Türkiye’de 20 Temmuz 2016 tarihinde çıkartılan ve 7 kez uzatılan OHAL kalkıyor. AKP’nin Meclis’e sunduğu yasa tasarısıyla kalıcı hale getirilmeye çalışılan OHAL’den geriye sansür, baskı, işkence, kapatma, cezasızlık yasaları ve hak ihlalleriyle dolu 2 yıl kaldı.
Türkiye’de 20 Temmuz 2016 tarihinde ilan edilen Olağanüstü Hal (OHAL) üzerinden yaklaşık iki yıl geçti. Bugün süresi dolan ve hükümetin kaldırılacağını açıkladığı OHAL’in yerine ise Meclis’e AKP tarafından sunulan yeni tasarı sunuldu. Tasarının yasallaşması durumunda OHAL uygulamaları 3 yıl süreyle kalıcı hale gelecek. 24 ay süren OHAL koşullarında Türkiye’de yaşananlar 1980 ve 1990’lı yıllarla özdeşleştirilirken, yeni düzenleme ise verilen OHAL kaldırma vaadinin yersizliği tartışmalarını başlattı. Peki, Türkiye OHAL koşullarında iki yıl boyunca neler yaşadı?
31 KHK ÇIKARILDI
OHAL’in ilan edildiği 21 Temmuz 2016 tarihinden bu güne kadar 31 adet Kanun Hükmünde Kararname (KHK) yayınlandı. 2016 yılında çıkarılan 12 KHK’nin 5’i 2016 yılı içinde TBMM Genel Kurulu’nda görüşülüp kanunlaştırılırken, 2016 yılında görüşülmeyen 7 KHK ile 2017 yılında çıkarılan 18 KHK ve 2018 yılının başında çıkarılan bir KHK, 31 Ocak-13 Şubat 2018 tarihleri arasında TBMM Genel Kurulu’nda görüşülerek kanunlaştırıldı. OHAL kalksa bile bu süreçte getirilen yüzlerce kanun ve maddede yapılan değişiklikler yürürlükte kalacak.

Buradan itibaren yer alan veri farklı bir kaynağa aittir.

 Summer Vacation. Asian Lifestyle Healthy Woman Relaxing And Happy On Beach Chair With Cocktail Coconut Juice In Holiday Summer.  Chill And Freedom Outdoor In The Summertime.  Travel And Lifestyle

KHK’LERLE CEZASIZLIK RESMİLEŞTİRİLDİ
OHAL KHK’lerinde kişi ve kurumlara yönelik uygulanacak tedbirlerin yanı sıra mevzuat düzenlemeleri de yer aldı. Olağanüstü Hal döneminde yayınlanan KHK’lerde kişilere ve kurumlara yönelik olarak uygulanacak tedbirlerin alınması ve icrası süreçlerine katılmış olanların cezai sorumluluğu olmayacağı genel bir hüküm olarak bütün kararnamelerde yer aldı. Bunun yanı sıra çıkarılan 696 sayılı KHK ile “15 Temmuz 2016 tarihinde gerçekleştirilen darbe teşebbüsü ve terör eylemleri ile bunların devamı niteliğindeki eylemlerin bastırılması kapsamında karar alan, karar veya tedbirleri icra eden, her türlü adli ve idari önlemler kapsamında görev alan kişiler ve aldıkları karar, görev ve fiilleri nedeniyle hukuki, idari, mali ve cezai sorumluluğunun doğmayacağına” şeklinde cezasızlık getirildi.

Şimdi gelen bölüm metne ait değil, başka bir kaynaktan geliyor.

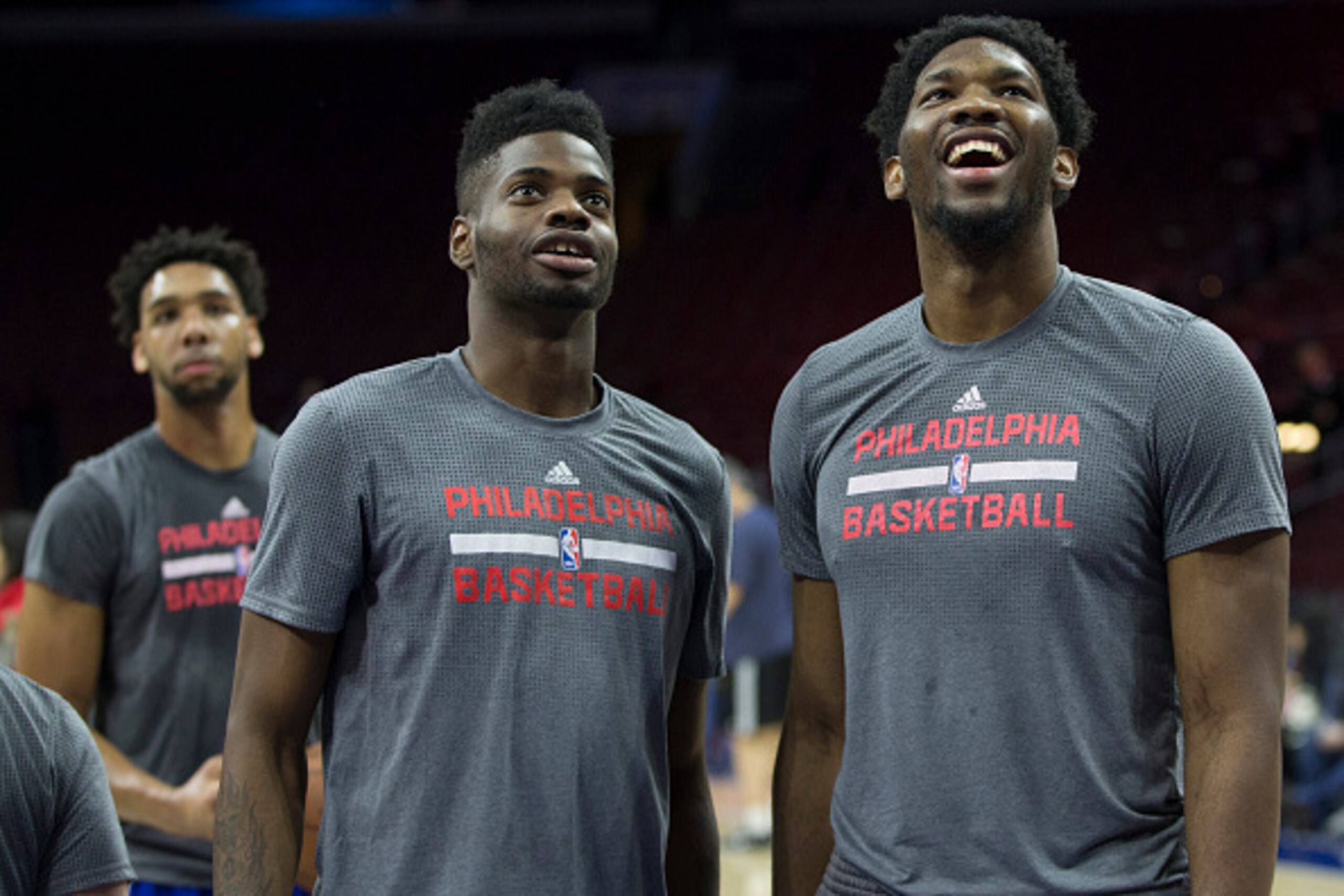 PHILADELPHIA, PA - DECEMBER 22: Jahlil Okafor #8, Nerlens Noel #4, and Joel Embiid #21 of the Philadelphia 76ers warm up prior to the game against the Memphis Grizzlies on December 22, 2015 at the Wells Fargo Center in Philadelphia, Pennsylvania. NOTE TO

GÖZALTI SÜRELERİ, AVUKAT GÖRÜŞ YASAĞI…
OHAL ilanı ardından gözaltı süresi 30 güne çıkarıldı. 2016 yılının sonuna kadar uygulanan bu süre 23 Ocak 2017 tarihli 684 sayılı KHK ile maksimum 14 güne indirildi. Gözaltına Alınan Kişilerin Yakınlarının Haberdar Edilmesi Herhangi bir KHK’de belirtilmemiş olmasına rağmen cumhuriyet savcıları tarafından 24 saat haberleşme kısıtlaması keyfi olarak uygulandı. Gözaltında avukata erişim 28 Temmuz 2016 tarihli 668 sayılı KHK ile savcıların gözaltına alınan kişilerin avukatlara erişimini sınırlama yetkisi 5 güne kadar çıkarıldı. Daha sonra 23 Ocak 2017 tarihinde yayınlanan 684 sayılı KHK ile bu süre 24 saate indirildi.

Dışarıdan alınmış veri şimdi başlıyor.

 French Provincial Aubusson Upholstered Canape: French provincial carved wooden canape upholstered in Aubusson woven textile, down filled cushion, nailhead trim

160 BİN KİŞİYE İŞLEM YAPILDI
OHAL’in ilanından bu yana gözaltı işlemine maruz kalan kişi sayısının 160 binin üzerinde tahmin edilirken, İçişleri Bakanlığı verilerine göre 17 Ekim 2016 – 20 Mart 2018 tarihleri arasında yürütülen operasyonlar sonucu 79 bin 301 kişi için gözaltı işlemi uygulandı. Yine aynı tarihler kapsamında bakanlık verileri kapsamında “Örgüt propagandası yapmak, halkı kin, nefret ve düşmanlığa sevk etmek, devlet büyüklerine hakaretlerde bulunmak ve devletin bölünmez bütünlüğüne ve toplumun can güvenliğine kast etmek” iddiasıyla toplam 45 bin 415 sosyal medya hesabı incelenmeye alındı. Tespit edilen 17 bin 89 kişi hakkında işlem uygulandı.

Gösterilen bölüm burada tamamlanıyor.